Difficulty: Easy
Correct Answer: Hydrogen
Explanation:
Introduction / Context:
This question relates to applied chemistry and the food industry. Vegetable oils can be chemically changed into semi solid fats called vanaspati or vegetable ghee through a process called hydrogenation. Knowing which gas is used in this process helps connect organic chemistry concepts like addition reactions to everyday food products.
Given Data / Assumptions:
- The process mentioned is making vegetables and vanaspati from vegetable oils, which refers to hydrogenation of unsaturated oils.
- The options list gases: hydrogen, nitrogen, argon and helium.
- We assume a typical industrial process where unsaturated double bonds in fatty acid chains are converted to single bonds.
Concept / Approach:
Vegetable oils are largely composed of triglycerides containing unsaturated fatty acids with carbon carbon double bonds. During hydrogenation, hydrogen gas is passed over the heated oil in the presence of a metal catalyst such as nickel. Hydrogen adds across the double bonds, converting them into single bonds and making the fat more saturated. This increases melting point and turns the liquid oil into a semi solid fat. Inert gases like nitrogen, argon and helium do not participate in the required addition reaction and therefore are not used as the reactive gas in hydrogenation.
Step-by-Step Solution:
Step 1: Recognise that the process of converting liquid vegetable oils into semi solid vanaspati is called hydrogenation.

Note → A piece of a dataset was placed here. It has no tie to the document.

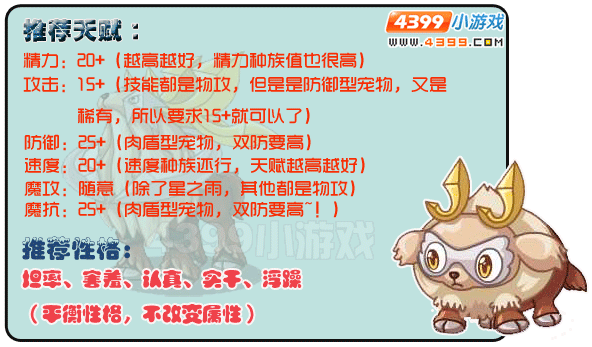 洛克王国小玲鹿推荐天赋推荐性格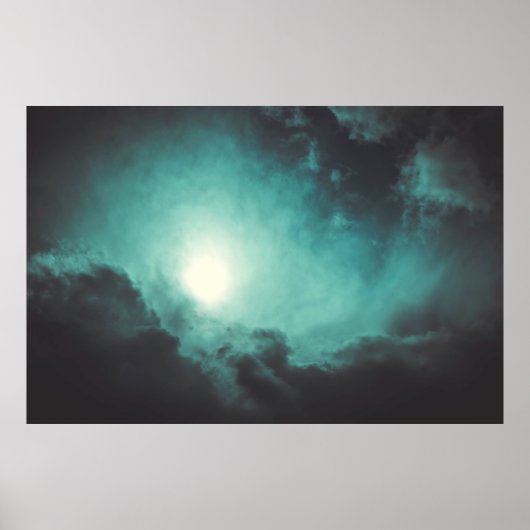Storm voor de wind van textielwolken poster (Voorkant)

Step 2: Recall that hydrogenation literally means addition of hydrogen across carbon carbon double bonds in unsaturated fatty acid chains.

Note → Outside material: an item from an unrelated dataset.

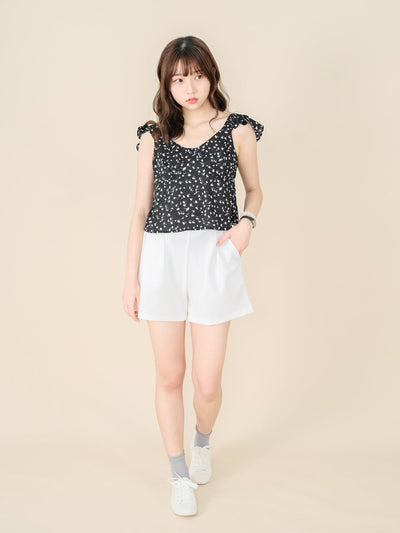 Pleated A-line Shorts Ivory - DAG-DD8509-21IvoryS - Mochi Ivory - S - D'ZAGE Designs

Step 3: Note that hydrogen gas (H2) is the reactive gas that provides the hydrogen atoms needed for this addition reaction.

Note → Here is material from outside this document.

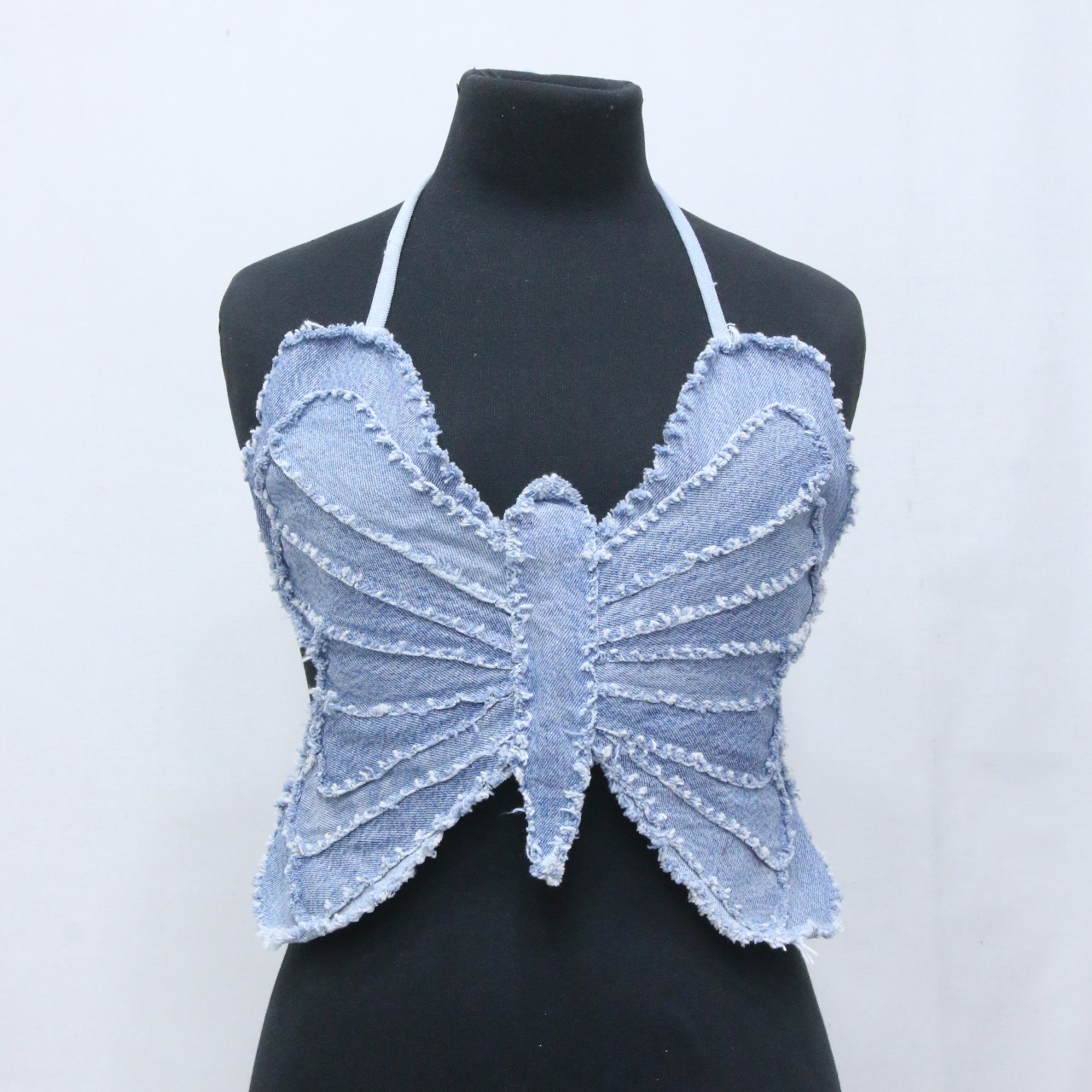 CR831 Upcycled Denim Butterfly Crop Top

Step 4: Identify that nitrogen, argon and helium are largely inert under these conditions and are not used to saturate double bonds in oils.
Step 5: Conclude that hydrogen gas is the correct choice.
Verification / Alternative check:
In organic chemistry, typical hydrogenation reactions are written as RCH=CHR + H2 leading to RCH2 CH2R in the presence of catalysts like Ni, Pt or Pd. Industrial production of margarine and vanaspati uses exactly this type of reaction on large triglyceride molecules. The name "hydrogenated vegetable oil" appears on many food labels, directly indicating hydrogen as the reacting gas. Nitrogen, argon and helium are sometimes used as inert atmospheres in chemical processes but they do not add to double bonds in this context.
Why Other Options Are Wrong:
Nitrogen: Although relatively inert and sometimes used to blanket tanks, nitrogen does not add across double bonds to convert oils into fats.
Argon and Helium: Both are noble gases, chemically inert under normal conditions and unsuitable as reagents for hydrogenation; they are used as protective atmospheres, not as reactive gases.
Common Pitfalls:
A possible misunderstanding is to confuse gases used for inert atmospheres or packaging with gases that actively react in chemical processes. Students may also see the mention of vanaspati and think only of food processing without linking it to the underlying organic reaction. To avoid this, remember that hydrogenation of oils is a classic alkene addition reaction, and hydrogen is the necessary reactant gas.
Final Answer:
The gas used to convert vegetable oils into vanaspati by hydrogenation is hydrogen.